DATA SUPPLIED:
#####
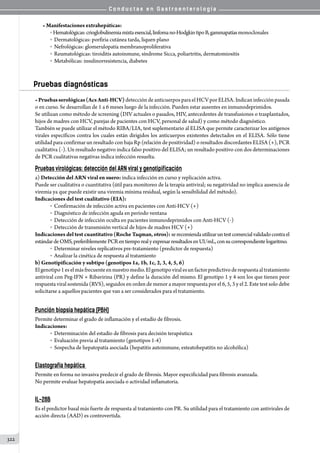 C o n d u c t a s e n G a s t r o e n t e r o l o g í a
322
• Manifestaciones extrahepáticas:
o Hematológicas:crioglobulinemiamixtaesencial,linfomano-HodgkintipoB,gammapatíasmonoclonales
o  Dermatológicas: porfiria cutánea tarda, liquen plano
o  Nefrológicas: glomerulopatía membranoproliferativa
o  Reumatológicas: tiroiditis autoinmune, síndrome Sicca, poliartritis, dermatomiositis
o  Metabólicas: insulinorresistencia, diabetes
Pruebas diagnósticas
• Pruebasserológicas(AcsAnti-HCV) detección de anticuerpos para el HCV por ELISA. Indican infección pasada
o en curso. Se desarrollan de 1 a 6 meses luego de la infección. Pueden estar ausentes en inmunodeprimidos.
Se utilizan como método de screening (DIV actuales o pasados, HIV, antecedentes de transfusiones o trasplantados,
hijos de madres con HCV, parejas de pacientes con HCV, personal de salud) y como método diagnóstico.
También se puede utilizar el método RIBA/LIA, test suplementario al ELISA que permite caracterizar los antígenos
virales específicos contra los cuales están dirigidos los anticuerpos existentes detectados en el ELISA. Sólo tiene
utilidad para confirmar un resultado con baja Rp (relación de positividad) o resultados discordantes ELISA (+), PCR
cualitativa (-). Un resultado negativo indica falso positivo del ELISA; un resultado positivo con dos determinaciones
de PCR cualitativas negativas indica infección resuelta.
Pruebas virológicas: detección del ARN viral y genotipificación
a) Detección del ARN viral en suero: indica infección en curso y replicación activa.
Puede ser cualitativa o cuantitativa (útil para monitoreo de la terapia antiviral; su negatividad no implica ausencia de
viremia ya que puede existir una viremia mínima residual, según la sensibilidad del método).
Indicaciones del test cualitativo (EIA):
o  Confirmación de infección activa en pacientes con Anti-HCV (+)
o  Diagnóstico de infección aguda en período ventana
o  Detección de infección oculta en pacientes inmunodeprimidos con Anti-HCV (-)
o  Detección de transmisión vertical de hijos de madres HCV (+)
Indicaciones del test cuantitativo (Roche Taqman, otros): serecomiendautilizaruntestcomercialvalidadocontrael
estándardeOMS,preferiblementePCRentiemporealyexpresarresultadosenUI/mL,consucorrespondientelogaritmo.
o  Determinar niveles replicativos pre-tratamiento (predictor de respuesta)
o  Analizar la cinética de respuesta al tratamiento
b) Genotipificación y subtipo (genotipos 1a, 1b, 1c, 2, 3, 4, 5, 6)
Elgenotipo1eselmásfrecuenteennuestromedio.Elgenotipoviralesunfactorpredictivoderespuestaaltratamiento
antiviral con Peg-IFN + Ribavirina (PR) y define la duración del mismo. El genotipo 1 y 4 son los que tienen peor
respuesta viral sostenida (RVS), seguidos en orden de menor a mayor respuesta por el 6, 5, 3 y el 2. Este test solo debe
solicitarse a aquellos pacientes que van a ser considerados para el tratamiento.
Punción biopsia hepática (PBH)
Permite determinar el grado de inflamación y el estadío de fibrosis.
Indicaciones:
o  Determinación del estadío de fibrosis para decisión terapéutica
o  Evaluación previa al tratamiento (genotipos 1-4)
o  Sospecha de hepatopatía asociada (hepatitis autoinmune, esteatohepatitis no alcohólica)
Elastografía hepática
Permite en forma no invasiva predecir el grado de fibrosis. Mayor especificidad para fibrosis avanzada.
No permite evaluar hepatopatía asociada o actividad inflamatoria.
IL-28B
Es el predictor basal más fuerte de respuesta al tratamiento con PR. Su utilidad para el tratamiento con antivirales de
acción directa (AAD) es controvertida.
#####
All lines above from the line with "Indican infección pasada" through the line with "b) Genotipificación y", both included, are to be set down exactly, with nothing else.

EXERCISE OUTPUT:
• Pruebasserológicas(AcsAnti-HCV) detección de anticuerpos para el HCV por ELISA. Indican infección pasada
o en curso. Se desarrollan de 1 a 6 meses luego de la infección. Pueden estar ausentes en inmunodeprimidos.
Se utilizan como método de screening (DIV actuales o pasados, HIV, antecedentes de transfusiones o trasplantados,
hijos de madres con HCV, parejas de pacientes con HCV, personal de salud) y como método diagnóstico.
También se puede utilizar el método RIBA/LIA, test suplementario al ELISA que permite caracterizar los antígenos
virales específicos contra los cuales están dirigidos los anticuerpos existentes detectados en el ELISA. Sólo tiene
utilidad para confirmar un resultado con baja Rp (relación de positividad) o resultados discordantes ELISA (+), PCR
cualitativa (-). Un resultado negativo indica falso positivo del ELISA; un resultado positivo con dos determinaciones
de PCR cualitativas negativas indica infección resuelta.
Pruebas virológicas: detección del ARN viral y genotipificación
a) Detección del ARN viral en suero: indica infección en curso y replicación activa.
Puede ser cualitativa o cuantitativa (útil para monitoreo de la terapia antiviral; su negatividad no implica ausencia de
viremia ya que puede existir una viremia mínima residual, según la sensibilidad del método).
Indicaciones del test cualitativo (EIA):
o  Confirmación de infección activa en pacientes con Anti-HCV (+)
o  Diagnóstico de infección aguda en período ventana
o  Detección de infección oculta en pacientes inmunodeprimidos con Anti-HCV (-)
o  Detección de transmisión vertical de hijos de madres HCV (+)
Indicaciones del test cuantitativo (Roche Taqman, otros): serecomiendautilizaruntestcomercialvalidadocontrael
estándardeOMS,preferiblementePCRentiemporealyexpresarresultadosenUI/mL,consucorrespondientelogaritmo.
o  Determinar niveles replicativos pre-tratamiento (predictor de respuesta)
o  Analizar la cinética de respuesta al tratamiento
b) Genotipificación y subtipo (genotipos 1a, 1b, 1c, 2, 3, 4, 5, 6)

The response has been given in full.